Yes, it does appear to have head tilt 



big_bear said:


> ok this is where im going to sound very naiive but why cant guineas and rabbits b together i was always led to believe they made good friends ???


They have very different diets. Guinea pigs need more vitamin c than rabbits. Also, rabbits can kill guineas very easily. They can easily crush them as rabbits are a lot heavier

There is a sticky that the lovely Kammie made, which explains more about it...
http://www.petforums.co.uk/rabbits/53839-important-information-new-rabbit-owners.html


----------



## big_bear (Oct 5, 2009)

ahhh okaii ty ill take a look


----------



## shutterspeed (Mar 23, 2010)

I had bunnies live with GP for 5 years now. As long as you provide enough veg, the extra vit C in their food is not necessary. My GP's eat the same food as the buns.
As for hurting them, they grew up together, therefore they are friendly and the buns are carefull. I had the French Lops with the GP's for a while, but as they are so big and clumsy it was not such a good idea so now they are apart.

I understand your concern, but it's not as bad as it is always said.

See how peaceful they are together (bunns have passed away since, bless them)


----------



## BattleKat (Oct 26, 2009)

I remember Kammie and others mentioning this when they rescuer posted on here.

I've sent them an email as well. I think it's bad that pet shops will sell the two together but at the end of the day they want to make money and thats about it, a rescue should be looking out for the welfare of the animal which is what makes this so sad.


----------



## happysaz133 (Jun 5, 2008)

I have to agree with shutterspeed.

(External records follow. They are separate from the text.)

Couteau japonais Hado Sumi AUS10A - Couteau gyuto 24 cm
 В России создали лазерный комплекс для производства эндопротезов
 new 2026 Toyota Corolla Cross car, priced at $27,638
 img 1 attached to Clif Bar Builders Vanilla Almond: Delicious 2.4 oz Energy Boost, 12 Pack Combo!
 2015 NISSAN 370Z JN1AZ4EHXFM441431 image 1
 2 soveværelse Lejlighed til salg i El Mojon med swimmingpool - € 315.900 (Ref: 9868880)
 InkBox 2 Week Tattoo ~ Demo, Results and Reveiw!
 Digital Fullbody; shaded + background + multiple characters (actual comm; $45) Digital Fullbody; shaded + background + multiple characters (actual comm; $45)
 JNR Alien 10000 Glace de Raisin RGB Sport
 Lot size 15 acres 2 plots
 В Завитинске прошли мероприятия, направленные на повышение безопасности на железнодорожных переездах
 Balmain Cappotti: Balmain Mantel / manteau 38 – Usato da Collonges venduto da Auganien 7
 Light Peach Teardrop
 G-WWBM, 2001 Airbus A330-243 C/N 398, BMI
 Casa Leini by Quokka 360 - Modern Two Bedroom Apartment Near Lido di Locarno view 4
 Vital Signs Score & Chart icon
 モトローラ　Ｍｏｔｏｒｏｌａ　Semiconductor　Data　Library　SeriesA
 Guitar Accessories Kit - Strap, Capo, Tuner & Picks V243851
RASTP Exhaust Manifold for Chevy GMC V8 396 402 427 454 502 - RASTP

While not ideal, occasionally a bunny and a GP will bond, and the bond can be so strong, they cannot be seperated. I personally don't have a problem with buns and GP's together, as long as it is done right (fed GP food with extra vitamin C etc). I don't currently have any living together, but I do let them play together. Infact, my last bunny hated rabbits, however she always loved her little guinea buddies...

















She didn't live with them, but played with them daily. They really miss her but are getting on well with my new buns.


----------



## emzybabe (Jun 30, 2009)

I think while not ideal or "correct" just like we bond with our pets and our dogs bond with our rabbits or cats they can have companionship although another of the same kind that speaks the same language is always best.


----------



## VampiricLust (Mar 3, 2008)

Just remember, rabbits are carriers of Bordatella. While this is harmless to rabbits, it is fatal to guinea pigs.


----------



## BattleKat (Oct 26, 2009)

I agree that they can get on well (when I was younger and knew no better I kept a rabbit and a guinea together and they were inseparable) but isn't the main reason they shouldn't be housed together the possible injury to the piggy? While in some ways I'd love to stick 2 guineas in with my rabbits I wouldn't want to risk them being seriously harmed.


----------



## VampiricLust (Mar 3, 2008)

A small list of reasons:


Rabbits are carriers of Bordatella. While harmless to them, this is fatal to G.Pigs
Rabbits have different dietary needs. They need a higher fibre diet while G.Pigs need added vitamin C
Rabbits have strong back legs. When happy, they binky (flip in the air). This could break a piggies back/neck or if you are lucky, jut a limb from being kicked
They are two different species and do not communicate in the same way. Piggies are very vocal- a rabbit can not respond in the same manner. It would be like us living with monkeys- It is not natural!


----------



## AmyCruick (Jul 20, 2009)

shutterspeed said:


>


I know i'm slighty off topic so apologies but these pics are lovely!! so sweet! It looks like one big happy family!


----------



## BattleKat (Oct 26, 2009)

VampiricLust said:


> A small list of reasons:
> 
> 
> Rabbits are carriers of Bordatella. While harmless to them, this is fatal to G.Pigs
> ...


yeah of course, I just mean that all the people saying 'they get on fine' and saying it's ok because you can feed them separately and get 2 rabbits and 2 guineas so they have someone to 'talk' to seem to be forgetting the fact the guineas could be killed.


----------



## VampiricLust (Mar 3, 2008)

Indeed. I have heard several horror stories of rabbits throwing piggies at hutch walls, and one was "flattened" after a rabbit flopped out where the poor pig was sitting.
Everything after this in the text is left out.